Pero esta puerta en particular, la comunión para los divorciados y los que se volvieron a casar, se abre a toda la gama de cuestiones planteadas por la revolución sexual, que ha estado dramatizando los límites de la teología moral de la Iglesia durante un siglo. Cuando la imaginación católica, dominada por Agustín, demonizó la inquietud sexual inherente a la condición humana, la renuncia a lo sexual se presentó como el camino a la felicidad. Pero la renuncia sexual como un estándar ético se ha derrumbado entre los católicos, no debido a las presiones de una modernidad “secular” hedonista, sino debido a su peso inhumano e irracional

Los críticos del papa entre sus compañeros prelados se han involucrado en intrigas, rumores, filtraciones y un desafío abierto, un desesperado esfuerzo de retaguardia destinado a debilitar a un papa que se considera insuficientemente comprometido con la protección del poder clerical. El arzobispo Carlo Maria Viganò, anteriormente nuncio vaticano en Washington, DC, tendió una emboscada a Francisco durante esa peregrinación a Irlanda, publicando una carta en la que afirmaba que el propio Papa se había ocultado.

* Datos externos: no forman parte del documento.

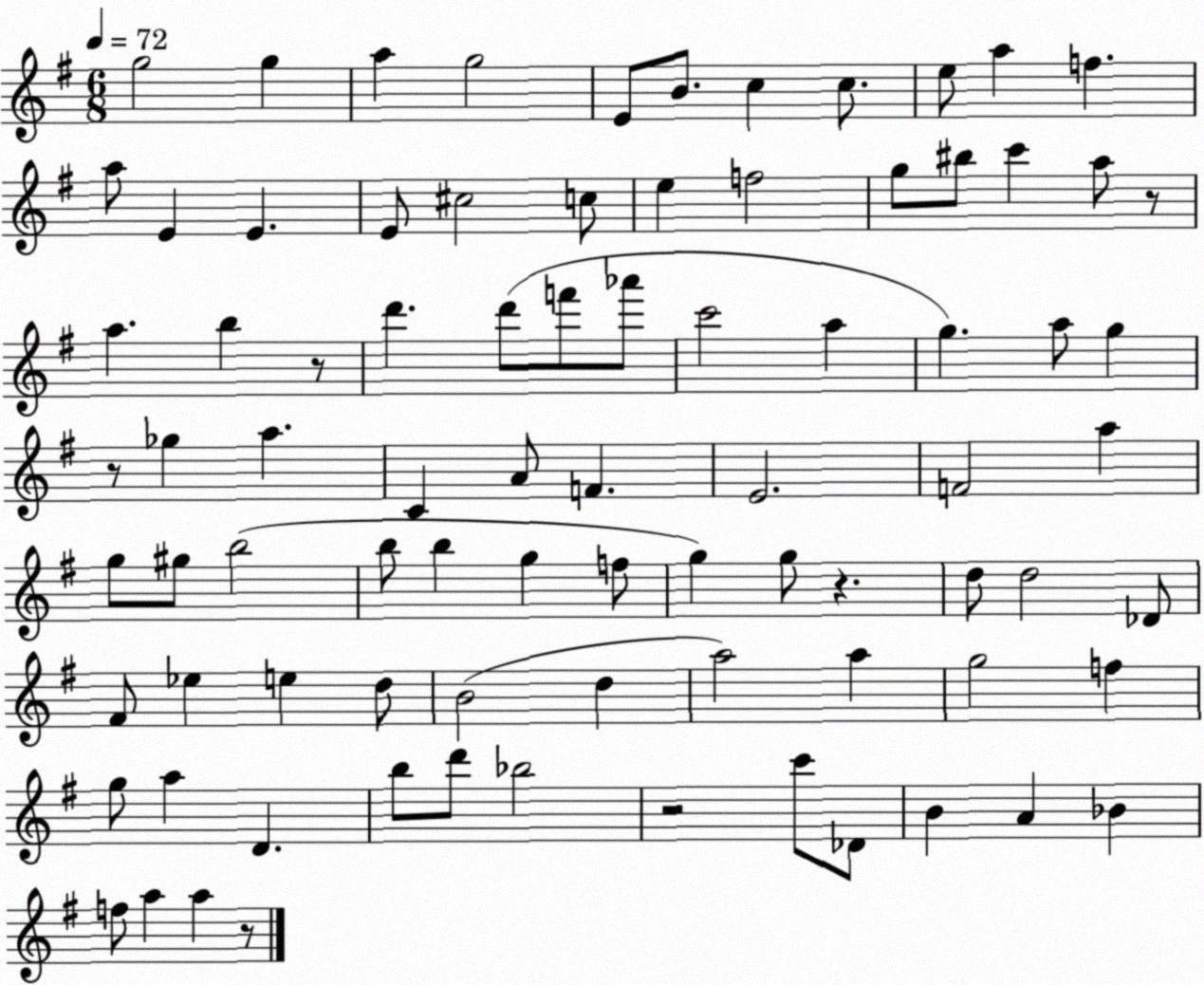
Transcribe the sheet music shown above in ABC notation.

El comportamiento abusivo del clero. Viganó había emboscado a Francisco antes, durante su visita a Washington en 2015, al organizar una reunión privada con el secretario de la corte de Kentucky que se había negado a certificar los matrimonios entre personas del mismo sexo. Viganó cuenta con el apoyo de la némesis estadounidense del papa, el cardenal Raymond Burke, quien se unió a Bannon para promover una escuela de derechas para los “gladiadores” teológicos en Italia. Previo a estos eventos fue una carta dirigida al Papa, y luego filtrada, por 13 cardenales antes de un sínodo en 2015, advirtiendo contra cualquier cambio en la cuestión del divorcio y el nuevo matrimonio. Los críticos como estos se preocupan de que un cambio en la disciplina de la Iglesia en esta única pregunta allanará el camino a una serie de otros cambios relacionados con la sexualidad, el género y, de hecho, toda la cosmovisión católica -incluso si Francisco y sus aliados no lo ven del todo-. Sobre esto, los conservadores tienen razón.

Todo lo cual, señala con el dedo el sacerdocio mismo y sus fundamentos teológicos. Ese es el quid del asunto. Durante años, me negué a ceder mi fe a las corrupciones de la Iglesia institucional, pero los burócratas del Vaticano y los inquisidores egoístas no son el problema ahora. Son los sacerdotes.

Este artículo aparece en la edición impresa The Atlantic’s de junio de 2019 con el título “Para salvar la iglesia, desmantelar el sacerdocio”.